I am currently writing a python script using the arcgisscripting module to process a reasonably large data set (~10,000 records in total) normalised over a small number of tables, 8 in total. The process consists of creating a feature based on coordinate tuples (x,y) and creating a graph (nodes and lines) using the relationships in the other 7 tables for guidance. The final output is a personal geodatabase (pgdb/fgdb) with nodes and edges spatial data sets that visually represent the relationships.
My initial attempt was to use queries of the new geodatabase tables and SearchCursor record sets to populate link tables (InsertCursor) for the many-to-many relationships that occur. This worked very well, except for the 15-20 min processing time.
Using the cProfiler module in Python, it was apparent that 'thrashing' a personal geodatabase when performing the search queries to populate the link tables with requests for cursors (Search and Insert cursors) caused the appalling performance.
With a little refactoring I have managed to get the processing time below 2.5 minutes. The trade off was partial construction of the geodatabase schema in code and limiting the requests for arcgisscripting cursors to InsertCursors once all relationships were collated.
My question is one of performance;
- What techniques have people used to maintain reasonable compute times when working with large data set?
Are there any ESRI recommended methods that I've missed in my search for optimisation?

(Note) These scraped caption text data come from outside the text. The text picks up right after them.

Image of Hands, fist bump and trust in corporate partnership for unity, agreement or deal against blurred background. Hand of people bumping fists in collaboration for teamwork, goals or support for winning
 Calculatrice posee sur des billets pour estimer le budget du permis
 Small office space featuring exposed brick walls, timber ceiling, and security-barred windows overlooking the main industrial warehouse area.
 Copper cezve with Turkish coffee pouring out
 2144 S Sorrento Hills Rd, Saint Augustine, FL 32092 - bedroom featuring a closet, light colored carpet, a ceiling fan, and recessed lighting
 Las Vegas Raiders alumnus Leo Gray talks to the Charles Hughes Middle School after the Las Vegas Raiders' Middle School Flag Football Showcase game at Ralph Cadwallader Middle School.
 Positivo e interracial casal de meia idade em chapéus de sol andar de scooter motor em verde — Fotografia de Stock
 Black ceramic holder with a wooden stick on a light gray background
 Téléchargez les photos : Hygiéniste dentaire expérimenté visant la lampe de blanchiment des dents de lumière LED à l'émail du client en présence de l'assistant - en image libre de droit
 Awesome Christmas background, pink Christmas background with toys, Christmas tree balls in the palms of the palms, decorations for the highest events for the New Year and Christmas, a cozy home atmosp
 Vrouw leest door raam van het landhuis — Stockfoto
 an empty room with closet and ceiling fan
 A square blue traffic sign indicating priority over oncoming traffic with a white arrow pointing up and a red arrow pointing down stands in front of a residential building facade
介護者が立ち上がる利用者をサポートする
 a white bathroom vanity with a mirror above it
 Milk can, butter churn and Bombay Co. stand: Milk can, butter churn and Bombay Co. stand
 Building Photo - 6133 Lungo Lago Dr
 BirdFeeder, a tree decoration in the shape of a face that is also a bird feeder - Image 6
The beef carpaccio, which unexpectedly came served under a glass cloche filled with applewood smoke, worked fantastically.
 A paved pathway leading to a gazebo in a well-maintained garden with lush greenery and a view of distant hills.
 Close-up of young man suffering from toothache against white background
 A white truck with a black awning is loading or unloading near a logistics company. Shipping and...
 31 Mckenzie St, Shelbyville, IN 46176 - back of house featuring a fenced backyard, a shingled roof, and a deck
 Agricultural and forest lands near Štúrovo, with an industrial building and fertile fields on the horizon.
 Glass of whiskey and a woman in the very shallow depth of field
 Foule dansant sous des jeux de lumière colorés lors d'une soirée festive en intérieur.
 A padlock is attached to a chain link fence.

I understand the overhead incurred when creating a arcgisscripting cursor, particularly if it is from a personal geodatabase, though after a lengthy search for performance related answers from this site and Google I am under the impression that performance isn't at the forefront of peoples endeavours.
- As a user of ESRI products, does one expect and condone these performance lags?
UPDATE
After some work with this product I have accumulated a list of optimization techniques that have taken a process of converting spatial information from a propriety format to a geodatabase. This has been developed for personal and file geodatabase. Tidbits:
Read you data and rationalize it in memory. This will cut your time in half.
Create feature classes and tables in memory. Use the feature dataset keywork 'in_memory' to use your memory as ram disk, perform your functions there and then write out to disk
To write out to disk use the CopyFeatureclass for feature classes, and CopyRow for tables.
These 3 things took a script that converted 100,000+ features to a geodatabase from 30 minutes to 30 - 40 seconds, this includes relationship classes. They are not to be used lightly, most of the methods above use a lot of memory, which could cause you issues if you are not paying attention.
Answer
Although this question was already answered, I thought I could chime in an give my two cents.
DISCLAIMER: I worked for ESRI at the GeoDatabase team for some years and was in charge of maintaining various parts of GeoDatabase code (Versioning, Cursors, EditSessions, History, Relationship Classes, etc etc).
I think the biggest source of performance problems with ESRI code is not understanding the implications of using different objects, particularly, the "little" details of the various GeoDatabase abstractions! So very often, the conversation switches to the language being used as a culprit of the performance issues. In some cases it can be. But not all the time. Let's start with the language discussion and work our way back.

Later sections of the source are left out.